My impression is that there are fewer such rules today.
I would be grateful for informed advice on the following:

1. Were there restrictions on portraying Maori?

2. If so, when they were relaxed (if they were)?

3. Are there any specifically Maori restrictions left?

Thank you for any useful responses,
Brian Easton.

1 comment:

Keri Hulme said...

I'm not an expert, but I do come from a Maori (Kai Tahu) background...Elsie was unusual in her sensitivities - but then, she was wonderfully unusual in so many ways. It takes very little research to show that, up until the mid-1970s, Maori had very little power over what published or portrayed in the English-using press...Tawhio teatowels anyway? Tattooed-chiefly head -candles?! How about the Hori series (that ran in 'Truth' - I think.) It didnt just snigger at a Pakeha-framed stereotype - it transgressed some cultural values that were - and are - dear to Maori (cultural, rather than religious, in my opinion, altho' most of those matters have a stron philosophical background.)

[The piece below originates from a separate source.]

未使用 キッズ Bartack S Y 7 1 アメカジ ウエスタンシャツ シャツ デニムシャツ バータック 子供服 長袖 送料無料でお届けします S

The candles & the teatowels are gone: a woman artist who submitted a painting that used her own menstrual blood had it yanked from an artbook that included works by Maori women artists (this in the 1980s)...I think most publishers et al are now aware - in ANZ! of noa/tapu, head/body sanctities.

If not - and something that is truly offensive is published- they soon will be made aware.

All part of growing up into an adult society within this wonderful archipelago.

Yes- it also applies to overseas publications (e.g.my USA publishers get back to me before new covers are tried out.)